As women, the tension between ambition and the internal barriers that hold us back is so common, and can feel like an internal tug-of-war.

The idea of the ‘something bigger’ might feel exciting, but when opportunities to take that step present themselves, fear, self-doubt or self-sabotage seem to get in the way, leaving us frozen and unable to move forward.

The truth is, leadership isn’t just about ambition or skills; it’s about capacity - our ability to hold the emotional, physical, and mental ‘charge’ of being the leader we envision ourselves to be. 

And that capacity begins with your nervous system.

Our nervous system determines how much expansion, visibility, and responsibility we can hold. It shapes whether leadership feels safe or whether it triggers resistance, self-sabotage, or overwhelm.

Without a regulated, resourced nervous system, stepping up can feel unsafe, regardless of how much we desire it. 

In this post, I explore how our nervous system impacts our capacity to lead, why this is especially important for women, and how working with our nervous system can help us expand into leadership safely, powerfully, and sustainably.

 

Our Nervous System is at the Root of Our Capacity To Expand Our Leadership

Our nervous system acts as our body’s safety assessor. It constantly scans our environment for cues of safety or danger.

When we are considering stepping into a bigger leadership role - whether it’s launching a new project, taking a more senior role, or leading a team - our nervous system plays a key role in determining how safe that expansion feels.

If our nervous system perceives leadership as threatening, it will resist in subtle or overt ways, and often lead to self-sabotage.

This can look like procrastination, perfectionism, overthinking, or imposter syndrome. 

This is a wise response from our nervous system who wants to keep us protected from the risk of being judged, of failing, or being seen as not meeting the expectations placed upon ourselves.

This means that our capacity to lead cannot exceed our nervous system’s capacity to hold the vision we have for ourselves.

I like to think of our nervous system as the roots of a tree. 
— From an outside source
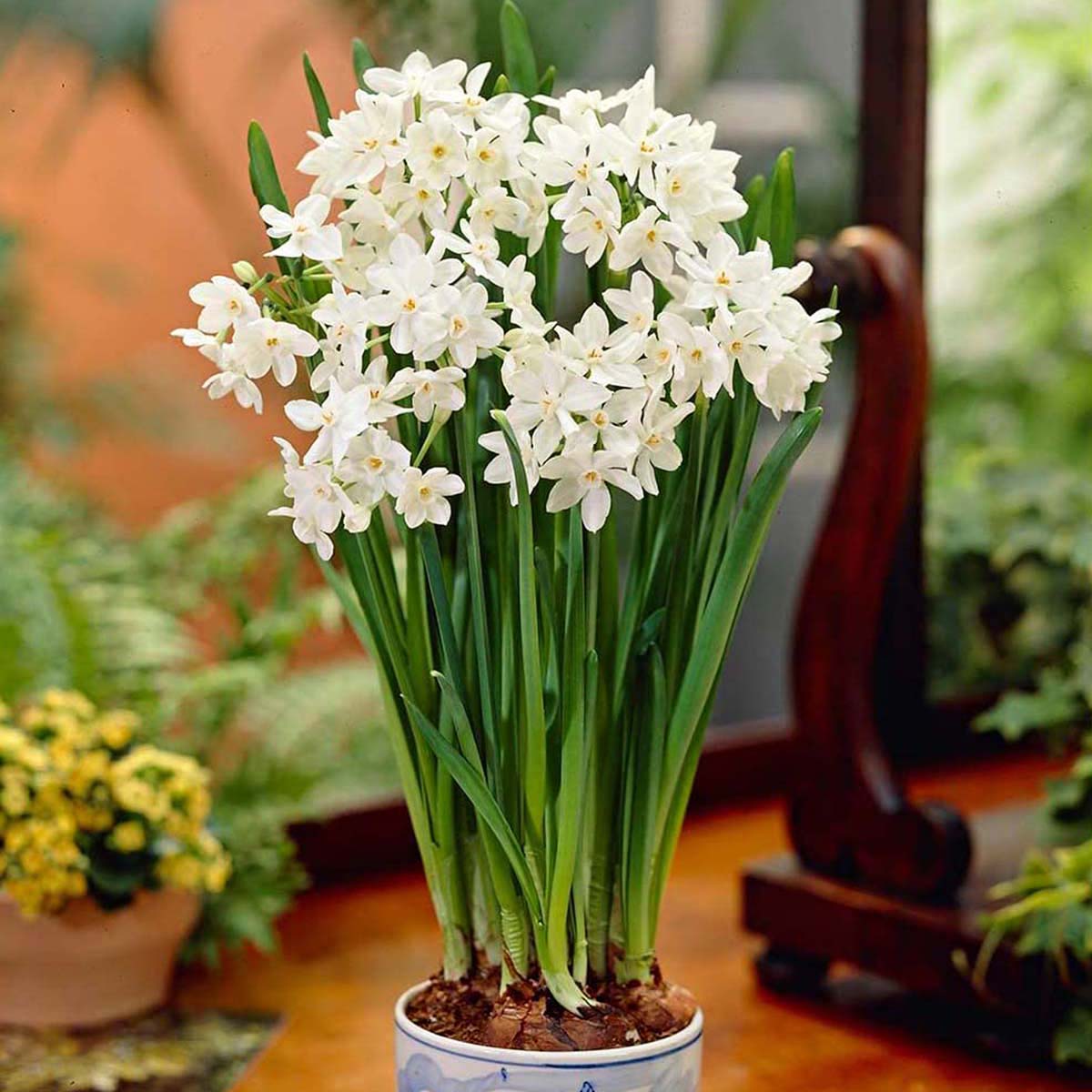 12 Best Paperwhites Flower Bulbs For 2024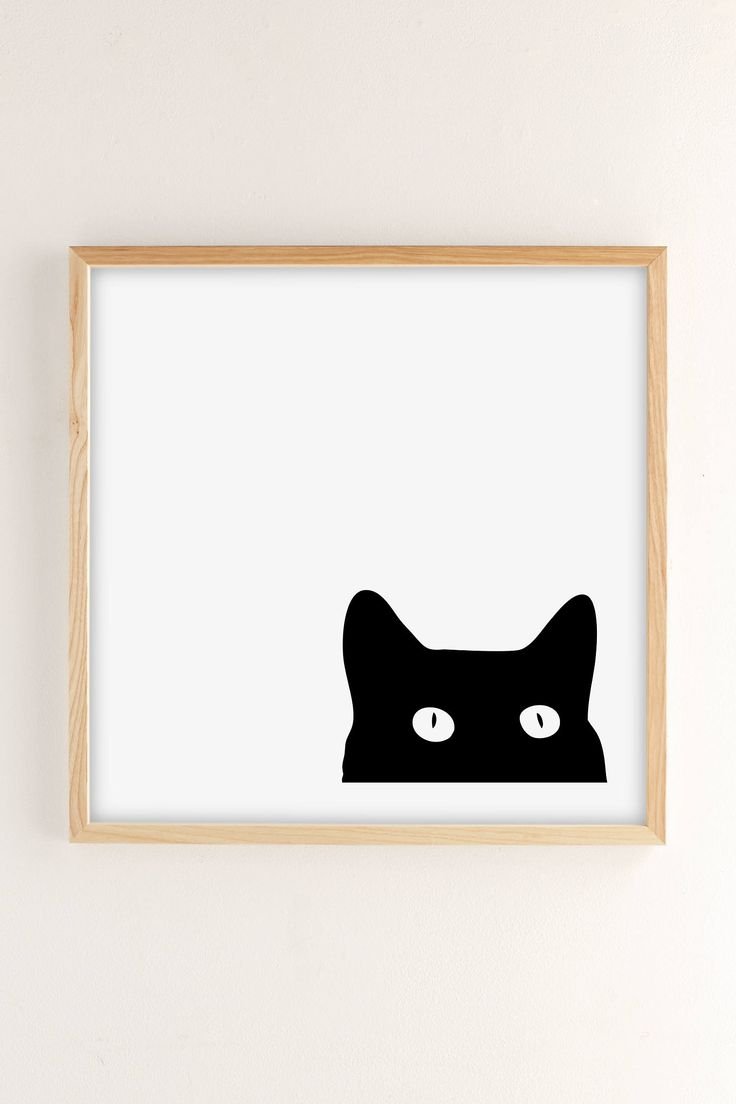 Кот выглядывает на белом фоне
Just as roots must grow deeper to support a taller, wider tree, our nervous system must expand to support our leadership growth. Without this foundation, the weight of leadership can feel really destabilising.

 

Why Leadership Can Feel Especially ‘Threatening’ for Women

When I deliver training and coaching to groups of women around Embodied Feminine Leadership, I invite them to drop the word ‘leadership’ in their body - and notice the sensations, feelings, images that arise naturally.

It always brings up a lot. 

For some, it might be a sense of excitement and possibilities - but for most, it leads to fear, resistance, a sense that it isn’t for us, or that we simply don’t have what it takes to identify as leaders.

It is clear that for women, leadership often brings unique challenges, many of which are rooted in our societal conditioning. Here are a couple of examples:

  • As women, we are often caught between conflicting expectations. Be assertive, but not aggressive. Be confident, but not arrogant. Be ambitious, but not “too much.” These double standards can lead to a fear of stepping forward, even when we genuinely desire to lead.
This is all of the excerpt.